Last February, in his first major foreign policy speech, President Biden declared, “The war in Yemen must end.” But nearly a year later, the U.S.-enabled death and destruction in Yemen continue apace.

Saudi-backed forces loyal to Yemen’s President Abed Rabbo Mansour Hadi and his government in exile in Riyadh have conducted a series of offensives in recent days—supported by Saudi airstrikes—against Houthi forces backed by Iran. They seized territory in the province of Al-Bayda, while United Arab Emirates–backed forces retook control of the province of Shabwah.

This directly contradicts the Saudis’ claim last month that they needed U.S. weaponry to defend against Houthi cross-border attacks, claims reprinted in high-profile outlets like The Wall Street Journal. In December, the Biden administration pushed an additional sale of missiles to Saudi Arabia through Congress, arguing that the weapons would be used for “defensive” purposes.

This latest round of violence demonstrates that U.S. support continues to embolden the Saudis, Emiratis, and the Hadi government, perpetuating a war that has already claimed 377,000 Yemeni lives. The Biden administration remained silent on the Saudis’ Christmas bombing campaign and even echoed Saudi Crown Prince Mohammad Bin Salman Al Saud’s talking points about Iran. “The illegal flow of Iranian weapons to Yemen is enabling the brutal Houthi offensive against Marib, leading to loss of civilian lives and prolonging the war,” tweeted State Department spokesman Ned Price.

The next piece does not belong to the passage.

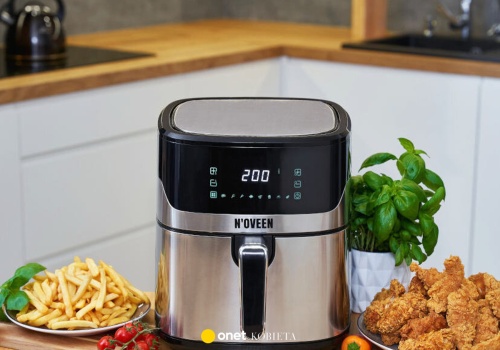Ten air fryer zrobi kurczaka, frytki i pizzę w mig! Ma 8 programów, jedzenie nie przywiera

But if “1,400 AK-47 assault rifles and 226,600 rounds of ammunition from a vessel originating from Iran” prolong the war and civilian suffering, as the State Department claims, what does $650 million worth of advanced American weapons, which Biden just sold to Saudi Arabia, do? Bring peace?

Given the administration’s worries that the fall of another Yemeni city, Marib, to the Houthis would cause massive human suffering, one would expect the Biden White House to firmly condemn MBS’s Christmas massacre of civilians and the latest rounds of violence. Not so. Instead, on Christmas Day, the State Department “strongly condemned the horrific Houthi cross-border attack on the #Jizan province of Saudi Arabia”—but said nothing about the Saudis’ bombing of Sanaa and ongoing coalition offensives.

The pattern is clear. Despite Biden’s promise to end the war in Yemen and his pledge to make the Saudis “pay the price, and make them in fact the pariah that they are,” he has fallen back into America’s hegemonic role in the Middle East: taking sides, making America a party to conflicts, and selling more weapons—U.S. interest, peace, stability, and human rights be damned.

Rather than pursuing American interests in the Middle East—by not getting embroiled in the rivalries of our partners, reducing our military footprint, and ending our endless wars there—Biden is once again following the preferences of regional states like Saudi and the UAE.

Senior Democratic Senate staffers tell us that the administration’s strategy is to provide Saudi Arabia with extensive support now, in the hope that it will give the kingdom momentum in the war in the next few months, at which point MBS will agree to end the war without losing face.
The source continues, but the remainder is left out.